The Cyprus deal, however, is not like other peripheral euro zone country bailouts, which had protected bank deposits. Traders were expecting risk premiums that had been falling to rise again.

Early today, though, a sense of relief took over the market that the euro zone had managed to avert the latest crisis over the financial system of the region.

Europe's top shares were up 0.8 per cent, recovering most of the losses from their worst weekly performance since mid-November last week over concerns of the problems in Cyprus spreading to other struggling euro zone members.

Yields on debt in peripheral nations such as Italy and Spain, which tend to drop with improving economic outlook were slightly lower.

The deal, came after several hours of meetings and approved by the finance ministers from the euro zone, the 17 countries that use the common currency. The deal would see the size of Cyprus's banking sector pruned drastically, bloated with dollars from Russia and elsewhere in the former Soviet Union.

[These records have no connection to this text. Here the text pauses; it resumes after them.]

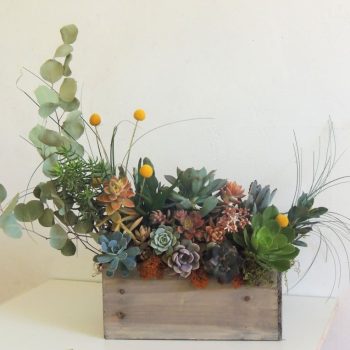 Succulent Table Arrangement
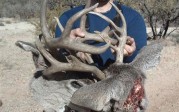 Locked Set of Coues Bucks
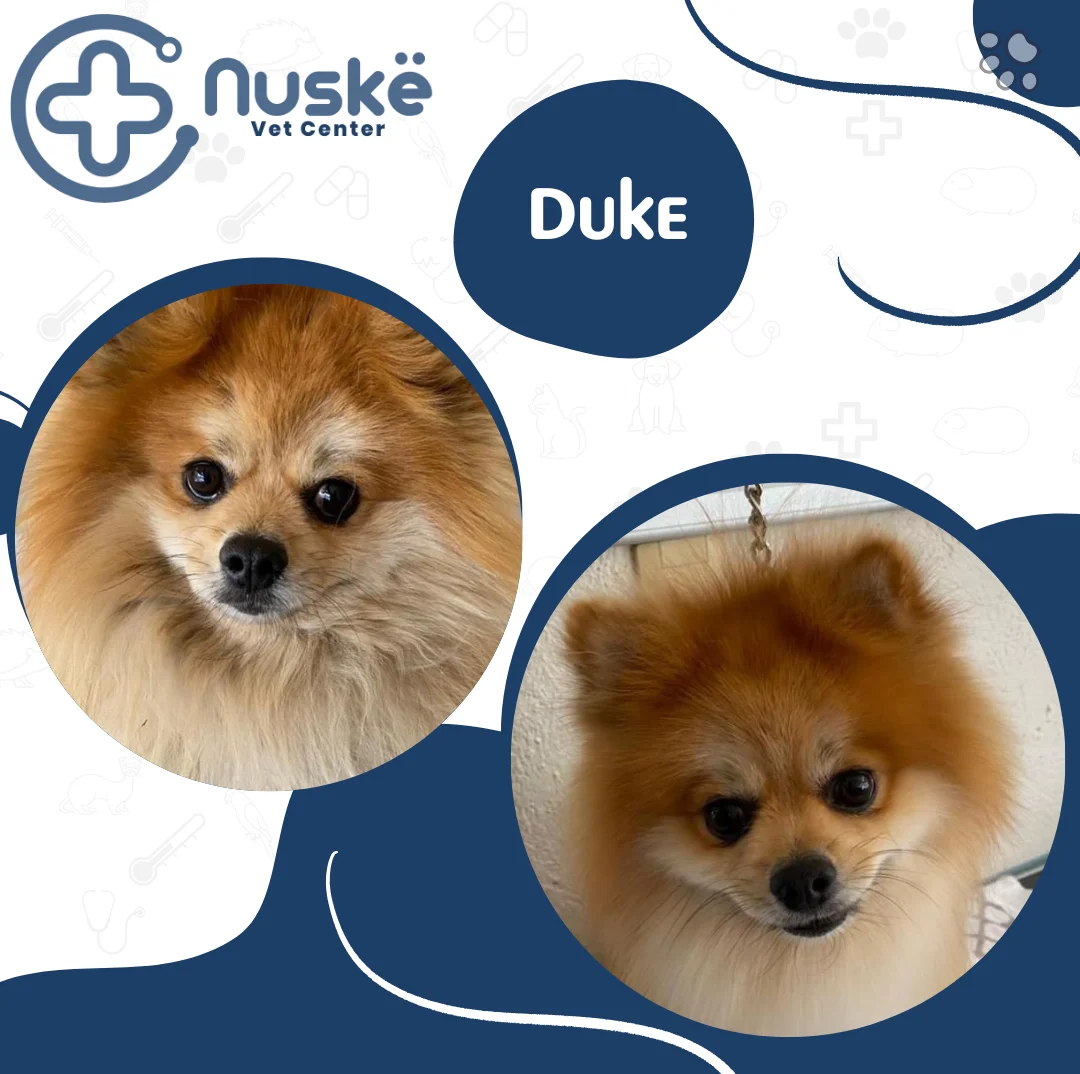 Duke
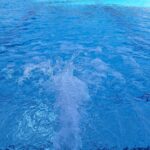 WhatsApp Image 2025-12-10 at 11.09.55 (1)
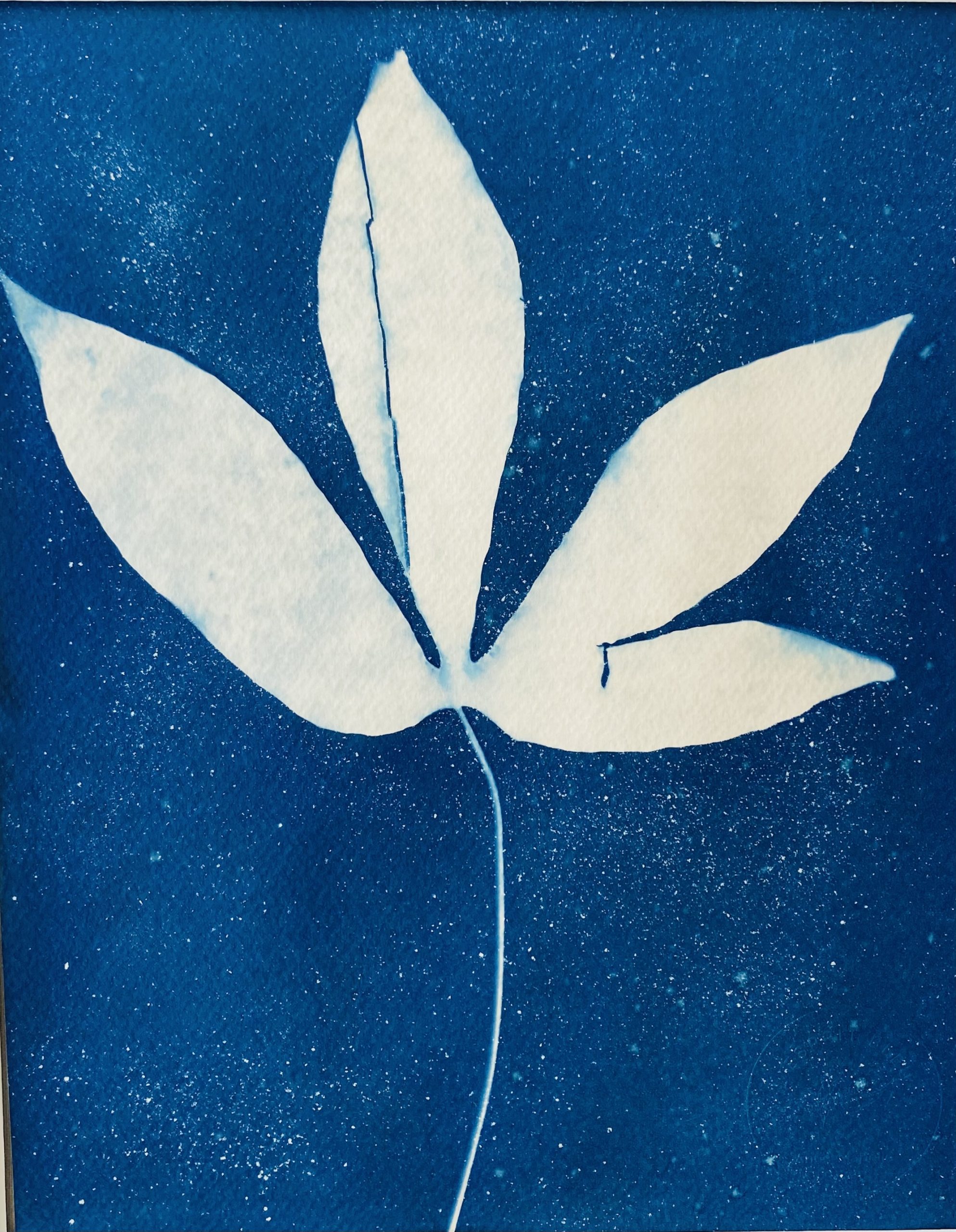 Cyanotype brède manioc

The deal would see the highly controversial idea of a tax on bank deposits scrapped, but depositors and bond holders would be required to take losses.

The Greek media quoted president Nicos Anastasiades as saying there had been a deal which was in the interests of the people of the country and the European Union.

According to the head of the finance ministers, Jeroen Dijsselbloem of the Netherlands, the agreement could ''be implemented without delay'' and would not need a new vote by the Cypriot Parliament, which had rejected a deal last week. Lawmakers on Friday passed legislation that set the framework for the new action, he said.

He added, this had indeed been an ardous week for Cyprus.